### [TASK DIRECTIONS]
Reproduce every entry in the listing without alteration.

^^^^^^^^^^^^^^^^

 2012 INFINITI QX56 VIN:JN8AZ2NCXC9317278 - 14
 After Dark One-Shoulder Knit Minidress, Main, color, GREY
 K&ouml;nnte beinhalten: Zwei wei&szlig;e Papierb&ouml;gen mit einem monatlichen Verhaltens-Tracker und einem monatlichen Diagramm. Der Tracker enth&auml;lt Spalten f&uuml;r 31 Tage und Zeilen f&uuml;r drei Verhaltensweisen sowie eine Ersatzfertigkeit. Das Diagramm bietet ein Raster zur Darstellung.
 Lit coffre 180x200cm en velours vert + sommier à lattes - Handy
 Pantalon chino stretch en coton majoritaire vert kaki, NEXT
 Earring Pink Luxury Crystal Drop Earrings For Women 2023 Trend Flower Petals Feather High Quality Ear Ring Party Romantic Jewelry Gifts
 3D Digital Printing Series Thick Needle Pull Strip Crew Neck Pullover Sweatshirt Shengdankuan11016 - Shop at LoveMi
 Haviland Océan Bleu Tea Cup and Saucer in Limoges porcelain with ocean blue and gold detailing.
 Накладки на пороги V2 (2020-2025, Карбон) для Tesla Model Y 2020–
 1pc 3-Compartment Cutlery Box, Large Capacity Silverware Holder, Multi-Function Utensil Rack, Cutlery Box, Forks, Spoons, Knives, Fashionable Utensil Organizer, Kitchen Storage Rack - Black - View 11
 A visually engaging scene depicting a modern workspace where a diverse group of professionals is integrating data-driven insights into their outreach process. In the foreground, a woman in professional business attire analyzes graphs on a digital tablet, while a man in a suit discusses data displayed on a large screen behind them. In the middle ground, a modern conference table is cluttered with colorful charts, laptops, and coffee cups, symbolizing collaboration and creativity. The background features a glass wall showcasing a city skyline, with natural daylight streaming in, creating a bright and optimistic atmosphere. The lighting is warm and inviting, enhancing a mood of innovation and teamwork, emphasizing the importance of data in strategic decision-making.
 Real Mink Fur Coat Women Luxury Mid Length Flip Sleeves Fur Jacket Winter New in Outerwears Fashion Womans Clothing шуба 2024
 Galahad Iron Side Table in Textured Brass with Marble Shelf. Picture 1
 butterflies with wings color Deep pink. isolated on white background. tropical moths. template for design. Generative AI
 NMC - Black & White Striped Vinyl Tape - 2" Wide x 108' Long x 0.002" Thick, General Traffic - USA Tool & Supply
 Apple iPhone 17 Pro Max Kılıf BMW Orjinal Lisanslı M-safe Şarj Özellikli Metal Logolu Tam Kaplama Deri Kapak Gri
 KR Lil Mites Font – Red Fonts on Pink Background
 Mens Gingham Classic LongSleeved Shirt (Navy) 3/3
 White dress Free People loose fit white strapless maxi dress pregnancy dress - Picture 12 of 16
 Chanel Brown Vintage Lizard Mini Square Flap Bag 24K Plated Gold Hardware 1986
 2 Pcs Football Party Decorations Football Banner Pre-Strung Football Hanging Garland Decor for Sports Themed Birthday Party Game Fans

^^^^^^^^^^^^^^^^

### [RESPONSE TO THE TASK]
 2012 INFINITI QX56 VIN:JN8AZ2NCXC9317278 - 14
 After Dark One-Shoulder Knit Minidress, Main, color, GREY
 K&ouml;nnte beinhalten: Zwei wei&szlig;e Papierb&ouml;gen mit einem monatlichen Verhaltens-Tracker und einem monatlichen Diagramm. Der Tracker enth&auml;lt Spalten f&uuml;r 31 Tage und Zeilen f&uuml;r drei Verhaltensweisen sowie eine Ersatzfertigkeit. Das Diagramm bietet ein Raster zur Darstellung.
 Lit coffre 180x200cm en velours vert + sommier à lattes - Handy
 Pantalon chino stretch en coton majoritaire vert kaki, NEXT
 Earring Pink Luxury Crystal Drop Earrings For Women 2023 Trend Flower Petals Feather High Quality Ear Ring Party Romantic Jewelry Gifts
 3D Digital Printing Series Thick Needle Pull Strip Crew Neck Pullover Sweatshirt Shengdankuan11016 - Shop at LoveMi
 Haviland Océan Bleu Tea Cup and Saucer in Limoges porcelain with ocean blue and gold detailing.
 Накладки на пороги V2 (2020-2025, Карбон) для Tesla Model Y 2020–
 1pc 3-Compartment Cutlery Box, Large Capacity Silverware Holder, Multi-Function Utensil Rack, Cutlery Box, Forks, Spoons, Knives, Fashionable Utensil Organizer, Kitchen Storage Rack - Black - View 11
 A visually engaging scene depicting a modern workspace where a diverse group of professionals is integrating data-driven insights into their outreach process. In the foreground, a woman in professional business attire analyzes graphs on a digital tablet, while a man in a suit discusses data displayed on a large screen behind them. In the middle ground, a modern conference table is cluttered with colorful charts, laptops, and coffee cups, symbolizing collaboration and creativity. The background features a glass wall showcasing a city skyline, with natural daylight streaming in, creating a bright and optimistic atmosphere. The lighting is warm and inviting, enhancing a mood of innovation and teamwork, emphasizing the importance of data in strategic decision-making.
 Real Mink Fur Coat Women Luxury Mid Length Flip Sleeves Fur Jacket Winter New in Outerwears Fashion Womans Clothing шуба 2024
 Galahad Iron Side Table in Textured Brass with Marble Shelf. Picture 1
 butterflies with wings color Deep pink. isolated on white background. tropical moths. template for design. Generative AI
 NMC - Black & White Striped Vinyl Tape - 2" Wide x 108' Long x 0.002" Thick, General Traffic - USA Tool & Supply
 Apple iPhone 17 Pro Max Kılıf BMW Orjinal Lisanslı M-safe Şarj Özellikli Metal Logolu Tam Kaplama Deri Kapak Gri
 KR Lil Mites Font – Red Fonts on Pink Background
 Mens Gingham Classic LongSleeved Shirt (Navy) 3/3
 White dress Free People loose fit white strapless maxi dress pregnancy dress - Picture 12 of 16
 Chanel Brown Vintage Lizard Mini Square Flap Bag 24K Plated Gold Hardware 1986
 2 Pcs Football Party Decorations Football Banner Pre-Strung Football Hanging Garland Decor for Sports Themed Birthday Party Game Fans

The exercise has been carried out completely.